Más que mostrarme mis errores, me mostró lo que podía cambiar…Ya estaba divorciado antes de entrar en la RICA (Ritual de Iniciación Cristiana para Adultos) y no estaba para nada en disposición de pasar por todo el proceso de anulación. En realidad, tampoco había necesidad: no me había vuelto a casar, ni siquiera estaba teniendo citas; tampoco veía oportunidades de que cambiara la situación.
“No obstante”, me dijo mi párroco, “nos gusta ver que una persona sigue adelante con la anulación. Ayuda en el proceso de curación.
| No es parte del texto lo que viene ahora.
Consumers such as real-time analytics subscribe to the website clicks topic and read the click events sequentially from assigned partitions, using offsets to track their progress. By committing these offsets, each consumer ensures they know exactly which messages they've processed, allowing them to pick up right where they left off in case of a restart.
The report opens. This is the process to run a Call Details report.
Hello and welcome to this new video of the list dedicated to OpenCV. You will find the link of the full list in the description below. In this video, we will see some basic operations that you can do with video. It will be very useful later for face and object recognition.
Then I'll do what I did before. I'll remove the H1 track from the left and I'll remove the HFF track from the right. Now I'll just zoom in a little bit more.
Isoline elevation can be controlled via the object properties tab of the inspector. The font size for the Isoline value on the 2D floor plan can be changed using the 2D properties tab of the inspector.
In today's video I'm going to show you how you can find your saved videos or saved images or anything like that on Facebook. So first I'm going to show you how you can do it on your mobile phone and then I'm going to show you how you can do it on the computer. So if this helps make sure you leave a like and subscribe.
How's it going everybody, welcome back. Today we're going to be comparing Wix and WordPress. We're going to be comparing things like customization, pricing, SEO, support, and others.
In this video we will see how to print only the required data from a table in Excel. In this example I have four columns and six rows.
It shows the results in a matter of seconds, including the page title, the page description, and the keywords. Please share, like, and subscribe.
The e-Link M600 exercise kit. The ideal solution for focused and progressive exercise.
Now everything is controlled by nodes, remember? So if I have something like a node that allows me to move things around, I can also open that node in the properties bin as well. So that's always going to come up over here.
El divorcio siempre deja heridas”.
Así que decidí intentarlo, aunque fue raro explicárselo todo a mi ex mujer.
K y yo habíamos llegado a la disolución de nuestro matrimonio de forma razonablemente amistosa y habíamos mantenido el contacto como amigos. En parte por la unión que suponía la pérdida de nuestra hija, muerta al nacer. Era una tragedia compartida; compartíamos el amor por nuestra hija. Yo intuía que si continuaba con el proceso de anulación, podría hacerle daño, y tampoco quería que se sorprendiera cuando algún día recibiera una carta del Tribunal. Tenía que decirle lo que iba a hacer.
No le gustó la idea —incluso llamó a la camarera para contrastar su opinión al respecto—, sobre todo porque tenía la sensación de que supondría que Caitlyn sería ilegítima.
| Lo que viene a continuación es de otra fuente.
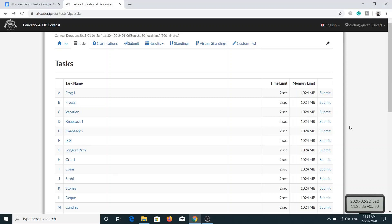Hello everyone and welcome back. In today's video we are going to be solving the fourth problem of the Educational DP Contest. Now that we have already solved the first three problems, you must have got the basic idea of how to approach dynamic programming questions.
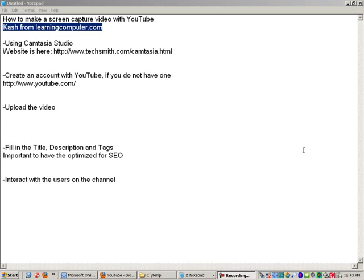Hi, this is Cash from LearningComputer.com. Today we will show you how to make a screen capture video with YouTube.com. We are basically going to walk you through all the steps from getting the software to uploading and then also interacting with your users.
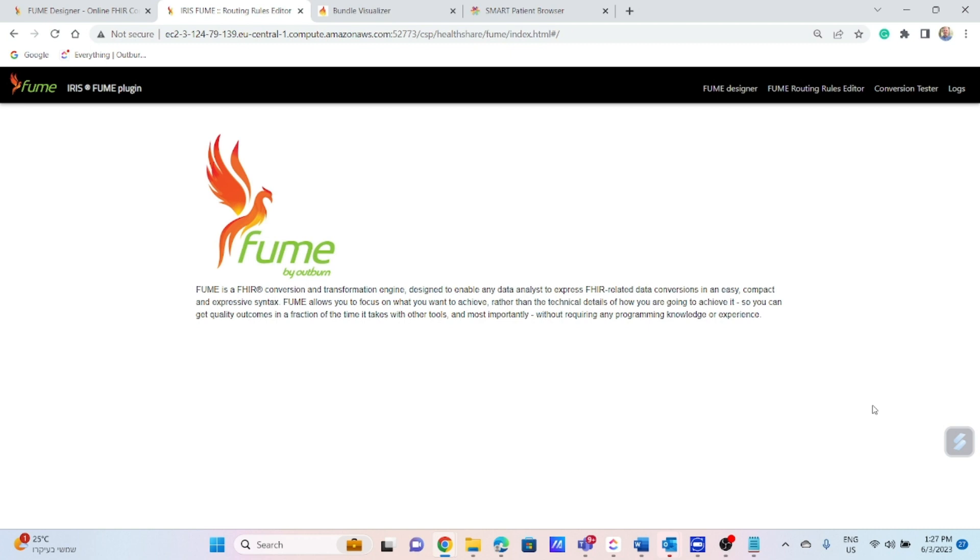I will focus now on demonstrating an integrated solution of FUME with Iris for Health platform that enables you to transform the HL7 V2 message into FHIR resources which are conformant to valid profiles. In the frame of the current demo we will see an ORU message transformation.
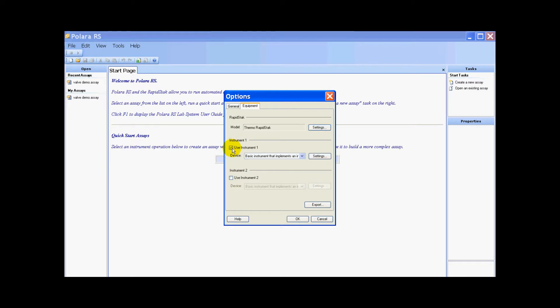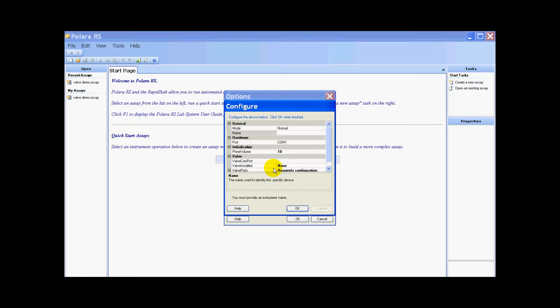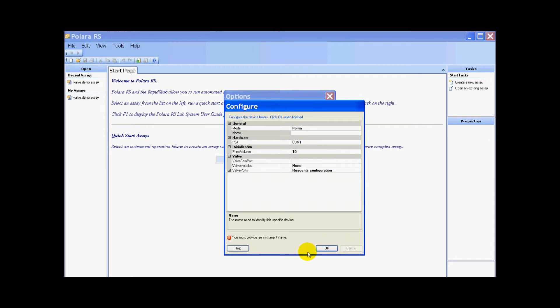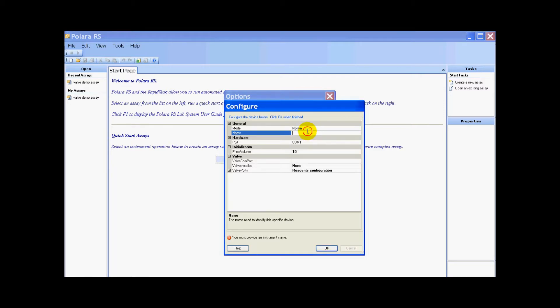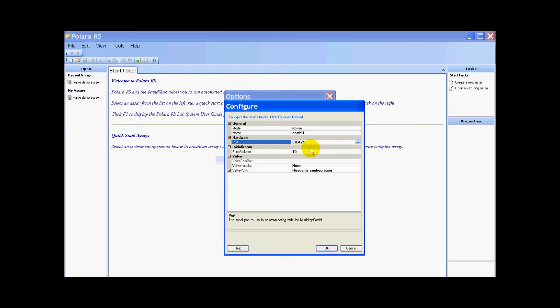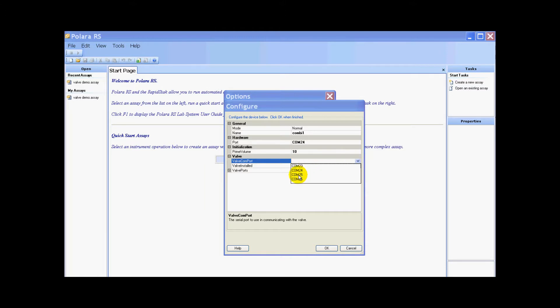Next we have to add an instrument, which is going to be our multi-drop combi. I select the multi-drop combi and a settings dialog pops up. We do have to configure everything for the multi-drop combi. Our mode has to be normal. I'll give the instrument a name, calling it combi one. We have to give the COM port where the multi-drop combi is connected. I am on COM port number 24. The valve itself has a serial port as well, and it is on COM port 25 on my computer.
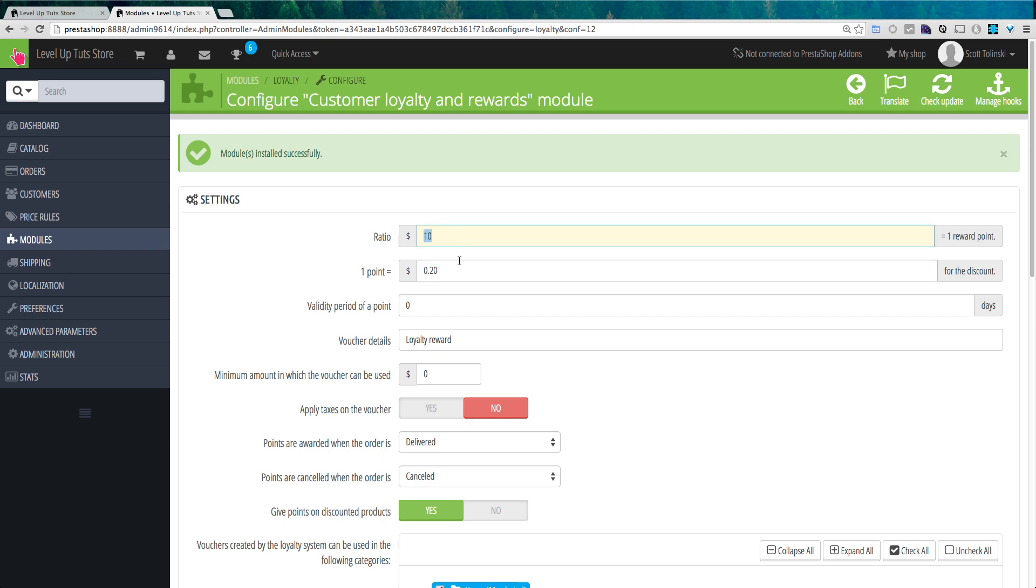Now these values, because they're present here in this form, could be modified in any sort of way. Let's say you think this might be a little, you know, you don't want them to get points every $10. You want them to get points every $50 they spend, but you want points to be worth more. Let's say points are going to be worth like $5 off. So every $50 they spend, they get $5 off. So that discount is bigger, but they have to spend more to get it.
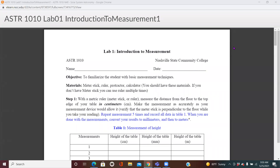This is the first lab of astronomy class, in which you are introduced to the basic measurement techniques. You are measuring some distances by using material streaks and rulers, and by using a protractor you are going to measure angles. Measuring is very important, and accuracy is another thing you need to remember. Measuring something with great accuracy is very important.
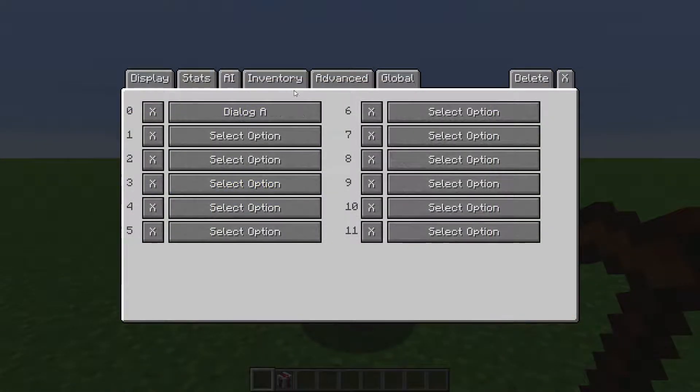If there are multiple things listed — for example, Dialogues — the mod will display the first one the player meets all the conditions for, regardless of the other one's availability.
“Bueno, eso no es cierto”, le dije, e intenté explicarle que una decisión de nulidad no tenía efectos sobre la legitimidad de los hijos.
“Sí que es cierto”, replicó K. “No me importa lo que digan esos católicos”.
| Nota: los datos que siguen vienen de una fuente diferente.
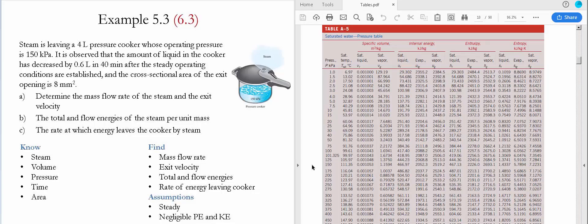The first task is to determine the mass flow rate of the steam. To do that we need to determine the actual mass initially inside of the cooker using the specific volume it had originally. The pressure originally was 150 kilopascals and we assume the fluid inside was saturated liquid water, so the specific volume is 0.001053 meter cubed per kilogram. With this value we can find the initial mass and then the mass flow rate.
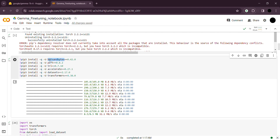bits-and-bytes is a library from Hugging Face that allows you to perform quantization. Quantization is basically trying to squeeze things down — making values smaller. bits-and-bytes performs quantization. Then you have PEFT, which is parameter-efficient fine-tuning. LoRA comes under PEFT, so you have to install PEFT and later import LoRA from it.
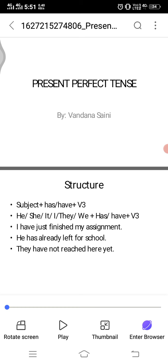For example: 'I have just finished my assignment.' Here, 'I' is the subject, 'have' is the helping verb, and 'finished' is the main verb in its third form. 'He has already left for school' — 'he' is the subject, 'has' is the helping verb, 'left' is the third form. 'They have not reached here yet' — 'they' is the subject, 'have' is used, and 'reached' is the third form.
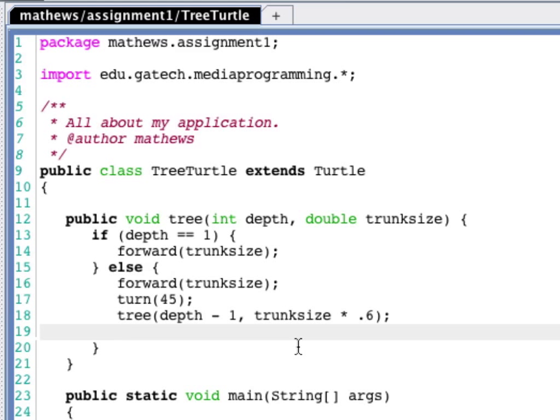So once we've created this tree, and we're back at the base of this tree, now we need to turn and do our next tree. If we've turned right 45 degrees, now we need to turn left 90 degrees, 2 times 45, so that we're facing off to the left.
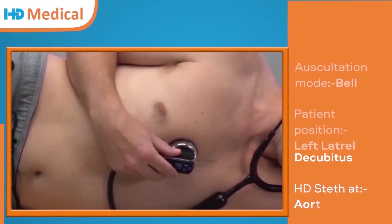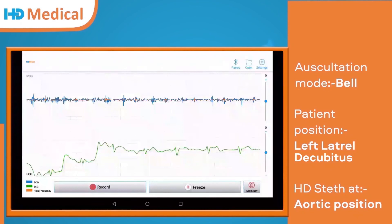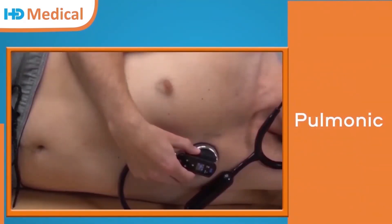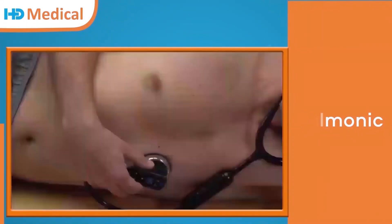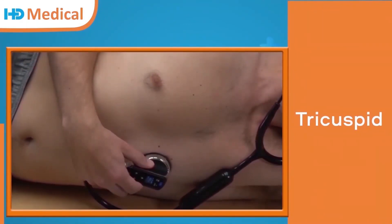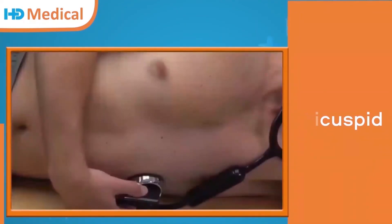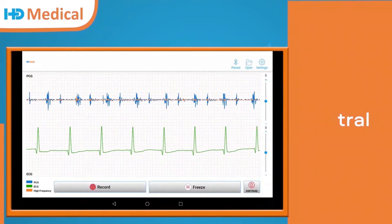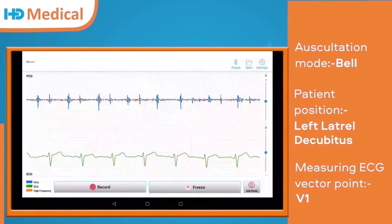Now I am measuring auscultation waveforms for the left lateral decubitus position. Aortic waveform. Now we are at the pulmonic position. Pulmonic waveform. Tricuspid position. Tricuspid waveform. Mitral position. Mitral waveform. ECG vector points for the left lateral decubitus position. V1 waveform.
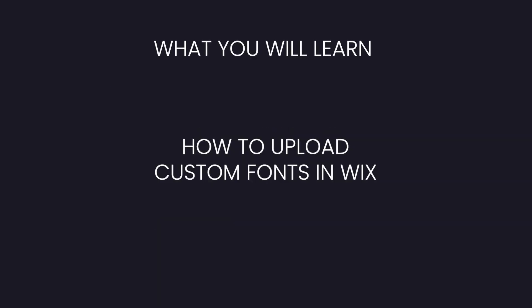Hey guys, welcome back to WixFix. I hope you're having a fantastic day. In today's video, I'm going to show you how to upload your own custom fonts to Wix.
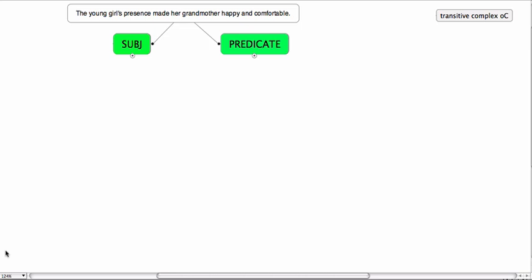This is therefore transitive because there's an object after the predicator, her grandmother, and the grandmother has become changed. So this is a transitive complex. How does this look?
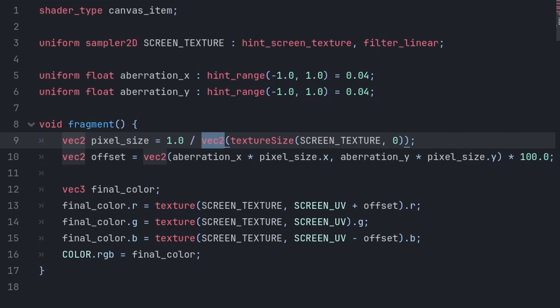Then we convert the integer size into a float vector 2, and we do 1.0 divided by the resolution of the screen to provide the size of a pixel in UV coordinates, which UV coordinates are normalized, meaning that the image in UV goes from 0.0 to 1.0, with 0.0 representing the top left of the image, and 1.0 representing the bottom right of the image.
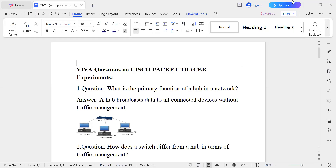Today I am going to discuss some questions on Cisco Packet Tracer, because you have done a few experiments using Cisco Packet Tracer.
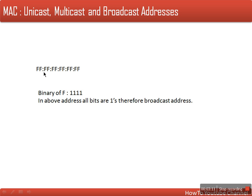For the address FF:FF:FF:FF:FF:FF, when we write its binary representation all bits will be 1, so this is a broadcast address.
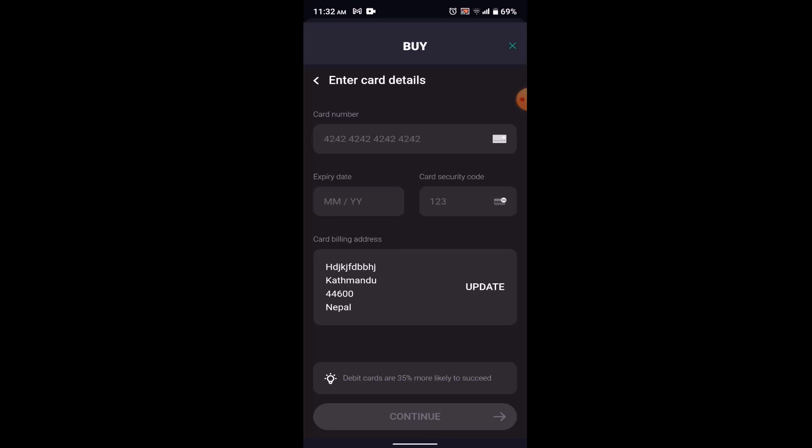That's how you can buy Bitcoin using your Bitcoin.com wallet app. That's all for this video — I hope it was helpful. Make sure to like, share, and subscribe to our channel. Thank you for watching.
Esa misma noche, me llamó al teléfono para quejarse, más que nada, de que los católicos adoraran a María y no le importaba lo que yo pudiera decir sobre el tema. (Estaba herida y se desahogaba de cualquier forma que podía). Pero también me llamaba para decirme: “Si vas a continuar con esto, pondré una nueva lápida para cambiar el apellido de Caitlyn y poner el mío”.
Y así de desagradable fue el proceso. Ahora K y yo apenas nos hablamos; una pena, porque yo aún la quiero.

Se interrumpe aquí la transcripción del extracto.